The other compound in QB was quercetin. Studies on phytoestrogens about bone health in postmenopausal women and prostate health in men have shown promising results. Quercetin significantly inhibited TNF-α production and gene expression in a dose-dependent manner [67]. Also, it significantly attenuates LPS-induced production of TNF-α and IL-1β in macrophages. It also causes a significant reduction in the phosphorylation and degradation of inhibitor of κBα and decreasing the nuclear level of nuclear factor-κB (NF-κB) and NF-κB binding activity [68].
Khavandi et al. investigated the effect of QB in a murine model of colitis induced in rats. They concluded that Quercus brantii induced antioxidants especially via inhibition of inflammatory cytokines such as TNF-α, IL-1β, and MPO. This might relate to a high amount of total phenols (88.43 ± 7.23/100 g of sample) and free gallic acid (3.74% of dry weight) [27]. Recently, Castejón et al. showed that Quercus ilex improves TNBS-induced colitis via MAPKs/NF-κB inhibition and Nrf2/HO-1 activation signaling pathways. This in return results in reducing the production of Th1 proinflammatory cytokines and COX-2 and iNOS overexpression [69].
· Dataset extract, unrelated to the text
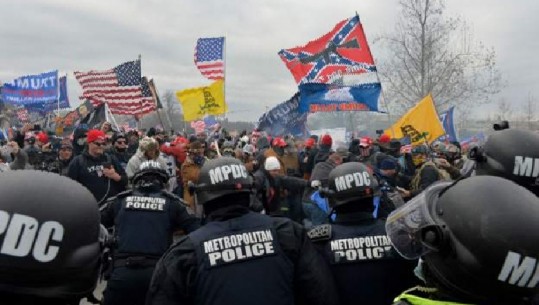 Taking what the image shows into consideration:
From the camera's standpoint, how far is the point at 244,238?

Considering that the increase in two oxidative enzymes, namely, MAO and MBA, correlates with high inflammation and their reduction with improved symptoms and inflammation, it can be stated that QB extract had antioxidant effects in this study. Histological pieces of evidence indicated a significant improvement in the microscopic features, crypt architecture, and colon edema in rats treated with the mentioned extract which highlights the healing effect of QB in UC. QB extract consumption also resulted in minor bodyweight loss in the treated group compared with the control groups. Also, acute inflammatory cell infiltration and the thickening of lamina propria were diminished. Regarding the biological evaluations of QB extract as a natural product on UC and various diverse effects of sulphasalazine discussed above, it can be seen that 400 mg QC rectally has even good potency compared to that of sulphasalazine. However, merit studies are required to clarify the pharmacological properties and mechanisms of QB and phenolic compounds in QB extract.
5. Conclusion
Quercus brantii medicinal plant extract showed high TNF-a, IL-6, and NO inhibitory activity, indicating that the bioactive compounds present in the extract have the potential to reduce inflammation. It has shown significant lowering activity of MAO and MBA. This result suggested the promising healing stimulatory and anti-inflammatory properties as well as antioxidant effects of QB which make it an appropriate agent for the treatment of UC. Further studies are required to evaluate its other beneficial properties and confirm its clinical effectiveness in humans.
Acknowledgments
The animals were purchased from the Laboratory Animal Center of SUMS. A taxonomist authenticated the drugs at Shiraz University of Medical Sciences (SUMS) pharmacy school. This research was supported financially by Shiraz University of Medical Sciences. The Vice-Chancellor for Research at Shiraz University of Medical Sciences funded this study (Grant no. 91.01.36.4560).
Contributor Information
Shayan Mehrvarzi, Email: shayanmehrvarz@yahoo.com.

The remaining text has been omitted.